Unified Exemption: Under current law, estates subject to the death tax are eligible for a unified tax credit, which has the effect of exempting from taxation estates valued up to $675,000. This exemption is scheduled to rise to $1 million by 2006.
H.R. 8 would change the unified tax credit into a unified tax exemption, equal to $675,000 in 2001 and growing to $1 million by 2006. The shift from the credit to exemption has the effect of reducing the estate tax rates on smaller taxable estates by a considerable amount. For example, under current law, an estate valued just above $675,000 is subject to a marginal tax rate of 37 percent. With a unified exemption, the marginal rate falls to 18 percent.

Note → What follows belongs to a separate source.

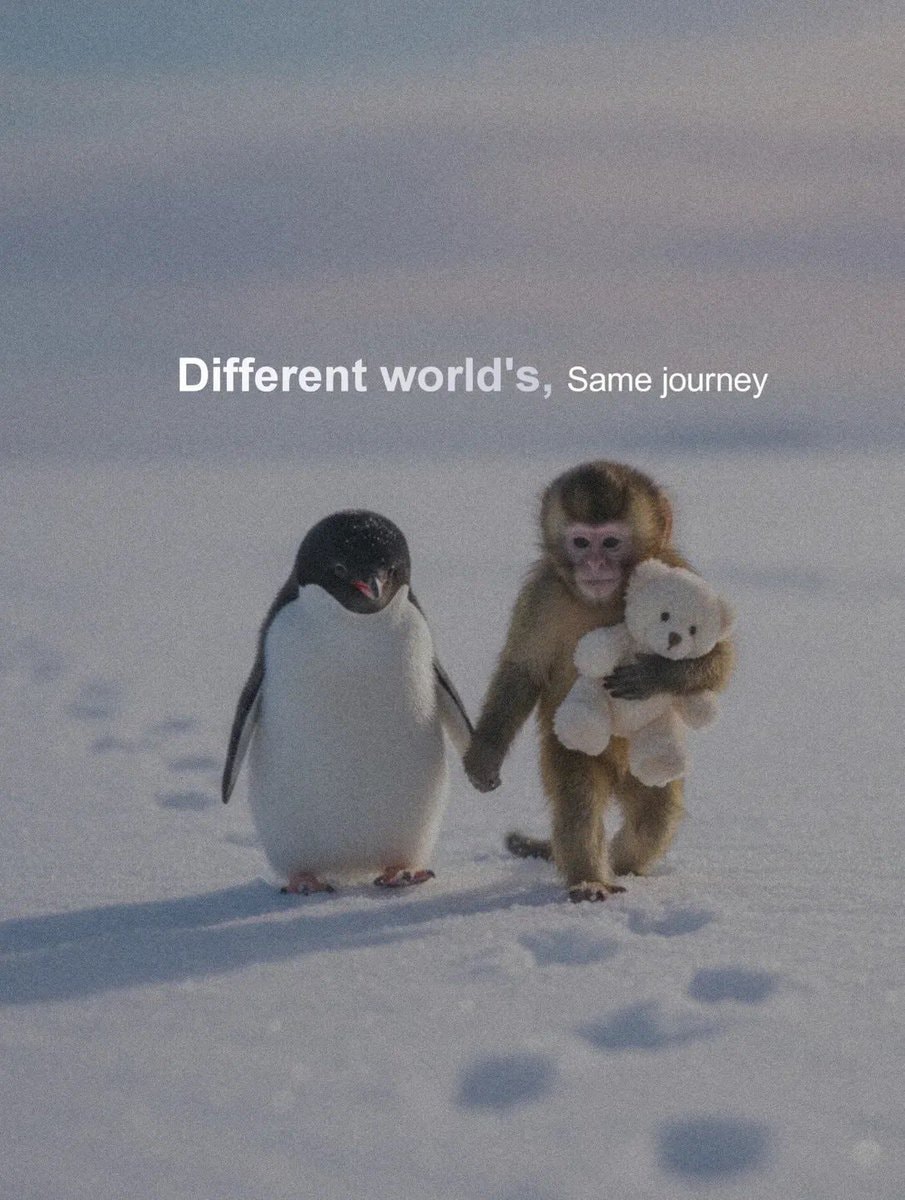 Penguin and Baby Monkey Holding Hands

Step-Up Basis: The bill would replace the current unlimited step up in basis with a limited step up for transferred assets up to a certain amount. Currently, all assets transferred following the death of their owner receive a step-up in basis [See Background]. H.R. 8 would replace this universal step-up with a step-up limited to $1.3 million of the total assets transferred. For assets transferred to a spouse, the limit would be $3 million.
ADMINISTRATION POSITIONPresident Clinton has promised to veto H.R. 8 in its current form [see Statement of Administration Policy, June 8, 2000]. However, the President has indicated a willingness to sign legislation which falls short of full estate tax repeal.
COSTThe Joint Committee on Taxation estimates H.R. 8 would reduce revenues by $5 billion in 2002 and by $28 billion over the next five years.
POSSIBLE AMENDMENTSDemocrat Substitute: An alternative similar to the substitute offered in the House of Representatives to reduce the marginal estate tax rates while increasing the exemption currently offered to Qualified Family Businesses from $1.3 million to $2 million. [The amendment, offered by Representative Rangel (D-NY) failed by a vote of 196-222.]